A faithful transcription of all the entries below is needed, without the pictures.

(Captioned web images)
================

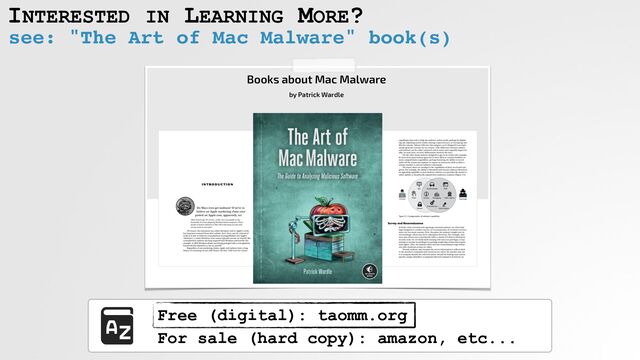 INTERESTED IN LEARNING MORE?
see: "The Art of Mac Malware" book(s)
Free (digital): taomm.org
 
For sale (hard copy): amazon, etc...
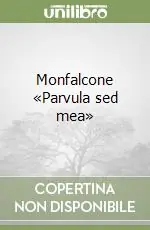 Must-Have Monfalcone «Parvula sed mea»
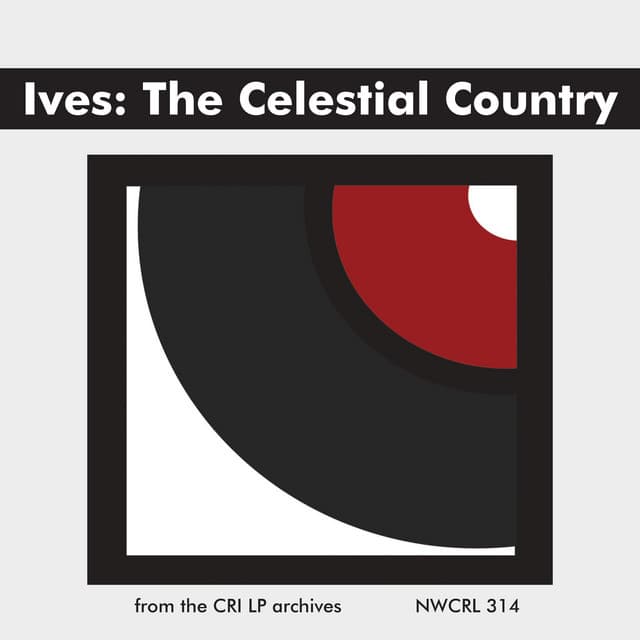Ives: The Celestial Country - Charles Ives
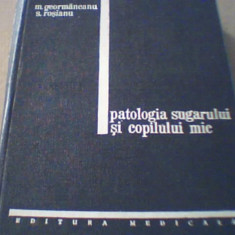 M. Geormaneanu, S. Rosianu - PATOLOGIA SUGARULUI SI COPILULUI MIC { 1975 }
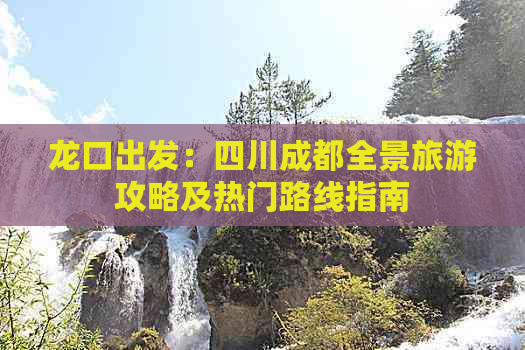 龙口出发：四川成都全景旅游攻略及热门路线指南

================

• **ANSWER TO THIS PROBLEM**
 INTERESTED IN LEARNING MORE?
see: "The Art of Mac Malware" book(s)
Free (digital): taomm.org
 
For sale (hard copy): amazon, etc...
 Must-Have Monfalcone «Parvula sed mea»
Ives: The Celestial Country - Charles Ives
 M. Geormaneanu, S. Rosianu - PATOLOGIA SUGARULUI SI COPILULUI MIC { 1975 }
 龙口出发：四川成都全景旅游攻略及热门路线指南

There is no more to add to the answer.